CARDIAC KEMBA AT MSG pic.twitter.com/7X0Rnrrqbl
— The Knicks Wall (@TheKnicksWall) August 4, 2021
The lack of getting to the rim was apparent on the Knicks roster, with Rose being the only true threat of attacking the basket. Enter Walker, who, before last season’s injury-riddled season, did well getting to the hoop. Walker finished with 10.9 drives per game, per NBA.com, shooting 47.7% from the field on drives. Not only was he good at attacking the basket, but he was good at limiting the mistakes on attacks, too, finishing with a turnover rate of 5.7%, the 12th-lowest figure among players with 10 or more drives.

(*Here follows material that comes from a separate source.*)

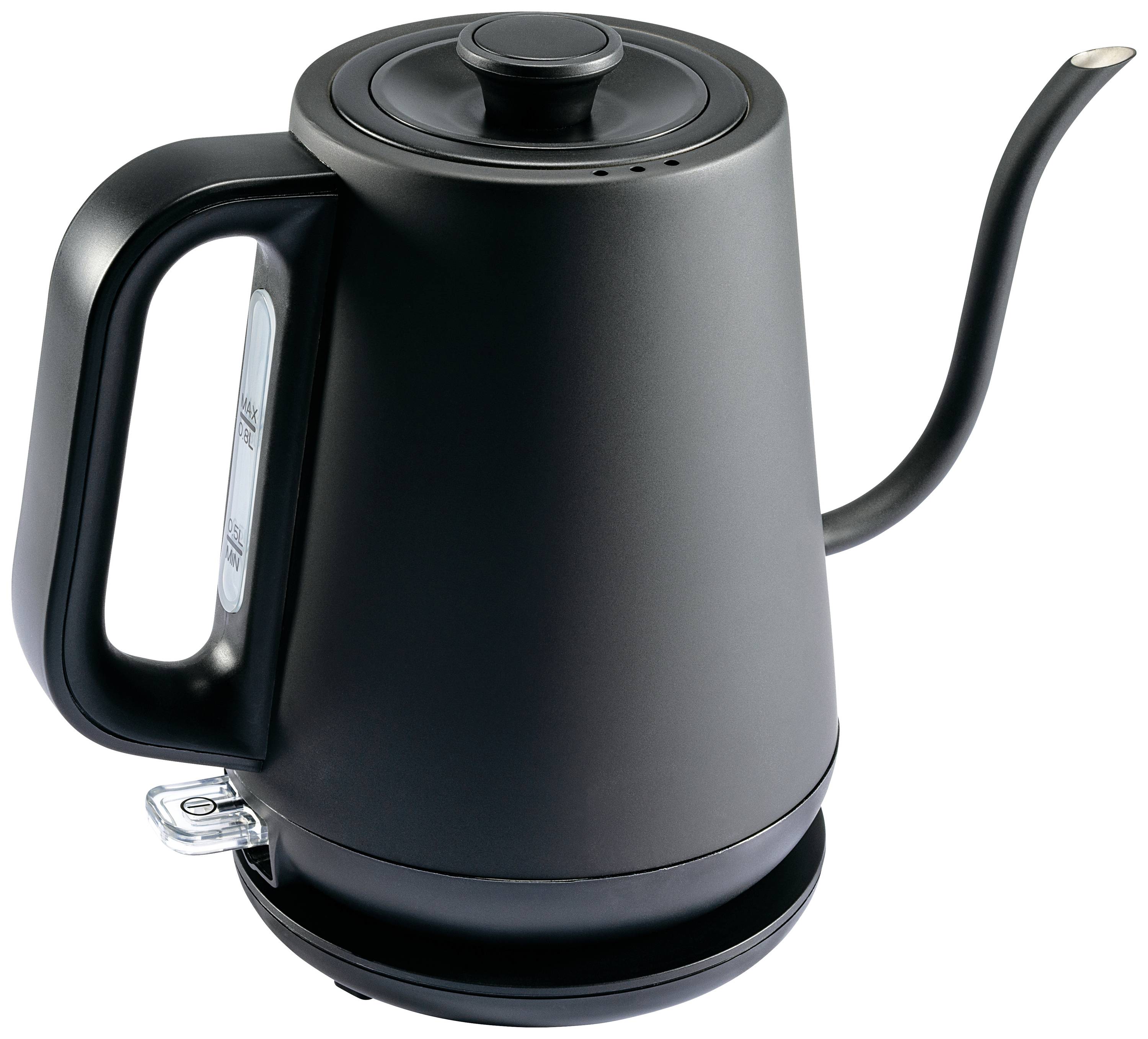 Wilfa WSPOK-1000B Wasserkocher Schwarz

The pull-up shooting is also in Walker’s arsenal. The Knicks valued pull-up shooting and players who can create their own shot in the draft with the selections of Deuce McBride and Quentin Grimes, and the signings of Walker and Fournier demonstrated the need to turn shotmaking into a strength in the offseason. Walker only adds to that improvement on that end. The 2020–21 season was rough for Walker, but the 2019–20 one saw him shoot 39.7% from the field and 36.5% on pull-up threes. A vast upgrade from the likes of Elfrid Payton and Frank Ntilikina.
And let’s not ignore Walker’s ability to work as a catch-and-shoot option. With Julius Randle present at power forward, players around him will still need to know how to operate around Randle and shoot the ball. Walker fits well in that area as well. Last season, Walker shot 40% from the field as a catch-and-shoot guy, but more importantly, Walker knocked down 39.3% of his catch-and-shoot attempts from three. Rim pressure, pull-up shooting, and shooting on the catch—the Kemba Walker addition is an improvement on all levels.

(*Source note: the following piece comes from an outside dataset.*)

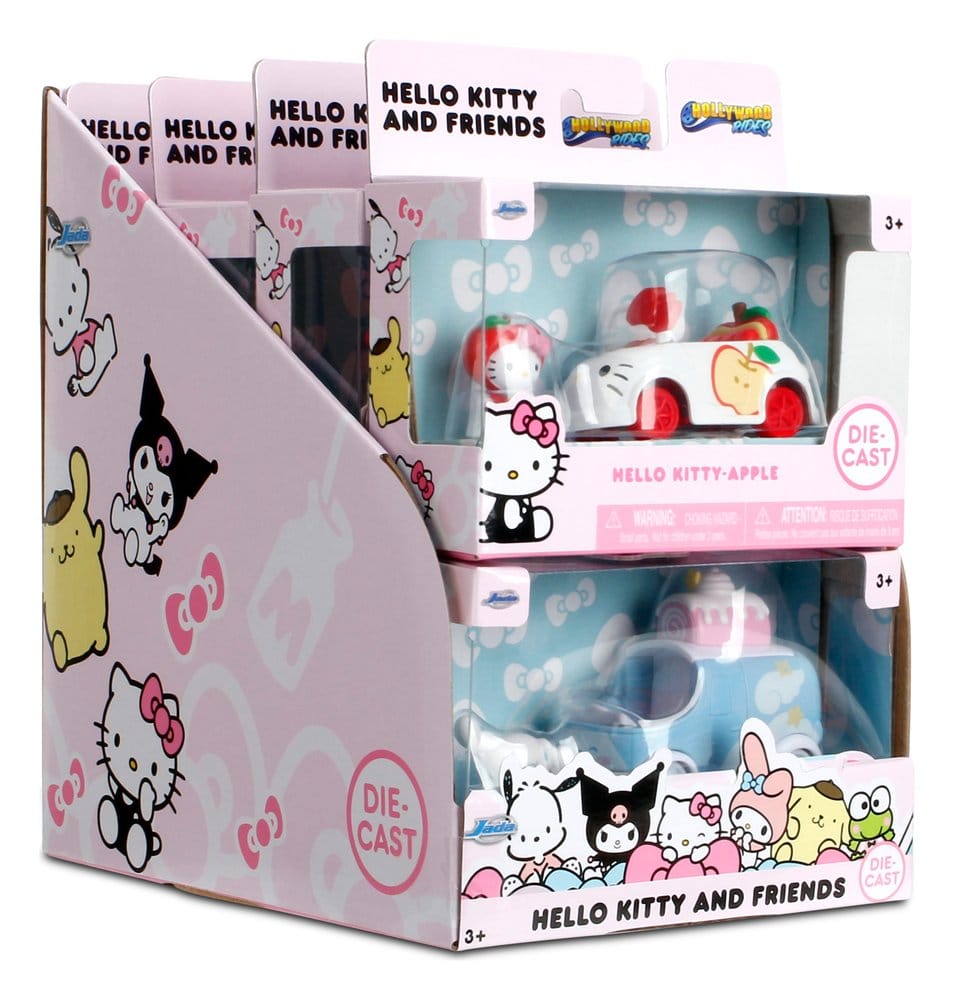 Sanrio Vehículos Diecast 1/55 Wave 1 Surtido (8)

There aren’t many question marks about this move when considering the price, but there are two. The first is the vitality of Walker’s knee. The Celtics juggled his minutes and game time to ensure they were getting the best Walker when they needed him, but it didn’t work. Then, they traded him to the Thunder in a salary swap for Al Horford. The Thunder, who sold the idea of flipping him again, couldn’t find a taker for Walker, allowing the Knicks to pick him up after they release him. It will be interesting to see just how healthy Walker is and how the Knicks, and Thibodeau, work with him and his knees.

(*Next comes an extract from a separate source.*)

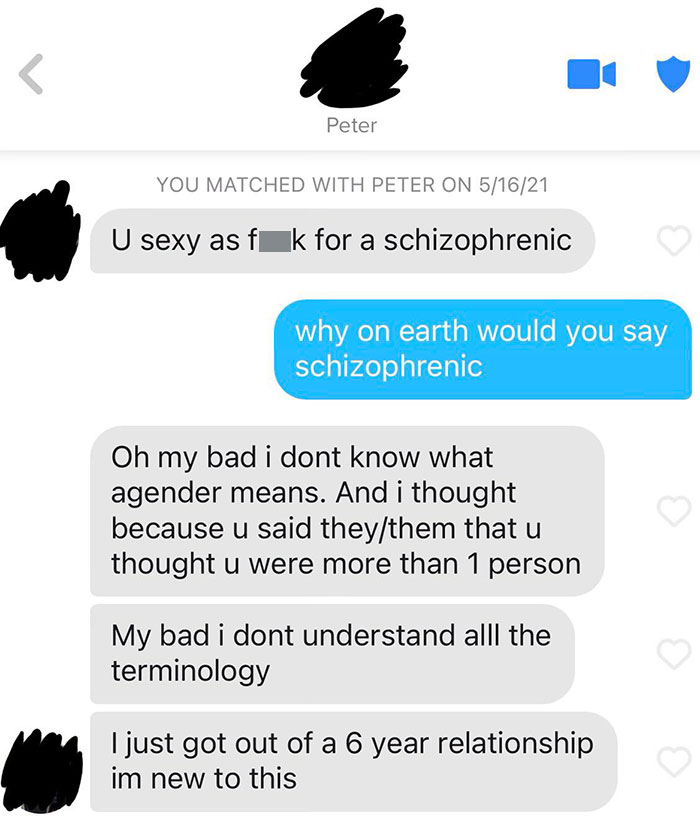 My Friend Met A Guy Very Confused By Pronouns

The second is the minutes of the kids and Immanuel Quickley. Starting with Quickley, his spot in the rotation is secured, but the avenue to point guard minutes is almost closed, thanks to the signing of Walker and the return of Rose. With Fournier, Alec Burks, and R.J. Barrett all ahead, Quickley’s minutes will be interesting to monitor to start. The same for rookies McBride and Grimes—both of which may see time in Westchester to get playing time early.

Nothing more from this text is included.